One of the most popular parks in Africa is Mount Kilimanjaro National Park. At 19,336 feet (5,895 metres), Kilimanjaro stands as the highest mountain in Africa.
Many people attempt to climb Mount Kilimanjaro and most of them are successful. Though the mountain does not require technical gear (ropes, pitons, etc.), it is still challenging and a test of endurance. Climbers need to be in good physical condition and prepared for the high altitudes and thin air.
There are several routes that can be chosen for the climb. The simplest of these is the Marangu Route. This route generally includes five days on the mountain and accommodations during the climb are in Alpine huts that are shared with up to five participants.
The more popular routes is the Machame and Rongai Routes which includes six to seven days on the mountain and accommodation is in small two-person tents. Porters will set the camp for you and prepare meals.
Other routes such as the Shira and Lemosho routes are more demanding physically but are not as busy. Again, these include use of tents.
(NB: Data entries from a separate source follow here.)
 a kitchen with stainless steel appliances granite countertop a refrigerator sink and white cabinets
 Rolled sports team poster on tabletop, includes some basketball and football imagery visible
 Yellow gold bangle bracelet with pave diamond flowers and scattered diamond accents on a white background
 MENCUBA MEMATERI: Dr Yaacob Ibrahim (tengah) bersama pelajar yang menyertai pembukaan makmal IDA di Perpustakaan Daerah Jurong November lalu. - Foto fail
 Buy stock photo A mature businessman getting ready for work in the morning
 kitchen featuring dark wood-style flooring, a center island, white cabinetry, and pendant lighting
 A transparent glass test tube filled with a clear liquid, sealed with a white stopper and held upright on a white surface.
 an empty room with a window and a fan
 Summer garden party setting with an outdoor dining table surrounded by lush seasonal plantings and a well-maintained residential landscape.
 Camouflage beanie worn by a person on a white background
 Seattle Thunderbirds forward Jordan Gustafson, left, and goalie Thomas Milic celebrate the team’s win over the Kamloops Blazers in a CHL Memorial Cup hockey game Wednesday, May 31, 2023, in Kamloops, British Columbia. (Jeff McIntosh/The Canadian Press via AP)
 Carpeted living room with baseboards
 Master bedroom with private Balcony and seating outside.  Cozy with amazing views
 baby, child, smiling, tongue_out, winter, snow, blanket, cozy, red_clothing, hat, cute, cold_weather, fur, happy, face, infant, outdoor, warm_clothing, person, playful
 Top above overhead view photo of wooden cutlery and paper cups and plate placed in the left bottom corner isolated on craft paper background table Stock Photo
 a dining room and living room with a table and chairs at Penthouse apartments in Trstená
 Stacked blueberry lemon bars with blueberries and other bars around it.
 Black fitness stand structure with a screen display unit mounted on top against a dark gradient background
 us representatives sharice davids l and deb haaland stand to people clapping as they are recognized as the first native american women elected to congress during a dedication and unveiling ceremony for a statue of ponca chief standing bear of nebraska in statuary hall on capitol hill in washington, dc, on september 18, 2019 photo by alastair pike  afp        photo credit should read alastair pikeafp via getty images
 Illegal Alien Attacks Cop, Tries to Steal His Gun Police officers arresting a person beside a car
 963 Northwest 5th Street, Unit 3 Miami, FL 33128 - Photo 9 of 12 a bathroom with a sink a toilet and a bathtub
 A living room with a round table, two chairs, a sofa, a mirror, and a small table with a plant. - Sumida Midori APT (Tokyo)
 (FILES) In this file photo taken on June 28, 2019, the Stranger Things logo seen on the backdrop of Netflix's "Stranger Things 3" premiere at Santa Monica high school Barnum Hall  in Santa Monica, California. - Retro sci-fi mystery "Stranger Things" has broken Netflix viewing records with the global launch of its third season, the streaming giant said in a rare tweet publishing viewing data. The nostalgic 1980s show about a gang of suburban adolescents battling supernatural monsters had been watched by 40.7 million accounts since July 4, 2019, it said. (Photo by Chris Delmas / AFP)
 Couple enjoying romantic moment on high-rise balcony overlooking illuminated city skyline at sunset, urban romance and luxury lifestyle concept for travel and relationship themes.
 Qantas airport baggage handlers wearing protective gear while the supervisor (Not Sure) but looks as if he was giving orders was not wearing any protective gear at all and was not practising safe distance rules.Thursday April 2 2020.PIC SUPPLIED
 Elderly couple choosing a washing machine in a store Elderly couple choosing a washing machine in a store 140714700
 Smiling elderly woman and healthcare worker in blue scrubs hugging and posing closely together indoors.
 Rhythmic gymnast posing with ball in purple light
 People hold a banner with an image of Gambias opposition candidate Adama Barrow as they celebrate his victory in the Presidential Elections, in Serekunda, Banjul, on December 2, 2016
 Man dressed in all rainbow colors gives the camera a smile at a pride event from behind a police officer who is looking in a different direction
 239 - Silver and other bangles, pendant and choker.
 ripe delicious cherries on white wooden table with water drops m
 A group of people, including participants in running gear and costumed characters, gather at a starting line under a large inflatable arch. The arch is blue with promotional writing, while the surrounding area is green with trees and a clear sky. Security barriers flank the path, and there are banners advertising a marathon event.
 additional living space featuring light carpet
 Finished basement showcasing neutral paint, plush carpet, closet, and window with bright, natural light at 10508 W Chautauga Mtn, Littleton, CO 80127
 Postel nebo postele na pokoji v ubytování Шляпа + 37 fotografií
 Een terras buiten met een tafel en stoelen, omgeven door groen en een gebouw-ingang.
The mountain offers a host of ecosystems. The farmlands at the foothills give way to lush montane forest. Here you might spot elephant, buffalo, leopard, the endangered Abbot’s duiker, and other small antelope and primates. As you continue to climb, you enter the moorland area, where a blanket of giant heather is dotted with giant lobelias. Above 4,000 metres, an alpine desert supports little life other than a scattering of moss and lichen. Finally, this gives way to ice and snow, the depth of which can vary on a daily basis.
Many travellers, not choosing to climb, can still enjoy a day hike on the mountain or a stay at one of the lodges on the foothills.